L'une des idées-force de Slezkine est la démonstration que le communisme en URSS, dans l'Entre-deux-guerres, s’assimile à une religion séculière. C'est-à-dire que, à l'instar de toutes les religions, le communisme a des «prêtres» (les élites du parti, présentées ici, qui occupent les postes-clés) qui se réfèrent à une «divinité» (Staline), mise en avant comme telle par la propagande. Staline est le Voj (guide), le chef aux mesures exactes de son peuple (son surnom est aussi «le petit père des peuples»). Un véritable culte de la personnalité se met en place autour de sa personne.

Durant cette période, le communisme d'URSS s'organise donc comme une vraie religion, mais séculière, c'est-à-dire détachée de ses matrices chrétiennes ou autres et mieux adaptée à la configuration de l'époque. La mise en avant de cette dimension religieuse du communisme sociétique n'est pas nouvelle, mais Slezkine la développe de façon continue tout au long de son propos.
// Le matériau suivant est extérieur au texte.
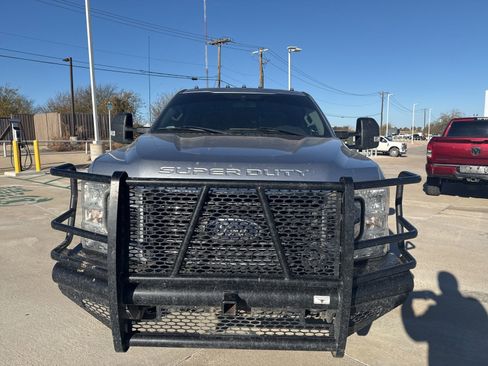Used 2020 Ford F350 XL w/ STX Appearance Package image 8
Le nouveau gouvernement soviétique de 1938 I AFP

Pour renforcer cette idée, le chapitre 2 est ainsi nommé «les prédicateurs»: c'est ici que Slezkine présente les différents personnages qu'il va étudier tout au long de son propos. L'élite du PCUS est donc clairement comparée à un clergé. Le chapitre 3, intitulé «la foi», développe les idées sur le communisme des différents personnages. Le chapitre intitulé «le Grand jour», qui narre la révolution bolchevique et la prise du pouvoir par ses derniers, est traitée sous un angle quasi messianique; qui correspond d'ailleurs déjà à la perception que ces élites bolcheviques ont de leur mission, et à leurs leurs attentes vis-à-vis des révolutions annoncées par Marx puis Lénine.

Un livre important sur les élites déchues du stalinisme

La Maison éternelle est un livre qui traite d'un petit groupe de dirigeants communistes privilégiés et de leur famille, de leur ascension à la suite de la Révolution d'Octobre jusqu’à leur disgrâce puis à leur élimination lors de la terreur stalinienne à la fin des années 1930. Ces «ennemis du peuple», tels qu'ils sont qualifiés par les chefs d'accusation des procès truqués dont ils sont victimes, subissent de plein fouet la répression stalinienne. Femmes et enfants ne sont pas non plus épargnés par celle-ci: ils sont condamnés pour le seul fait d'être l'épouse ou les descendants d'un supposé opposant au Voj.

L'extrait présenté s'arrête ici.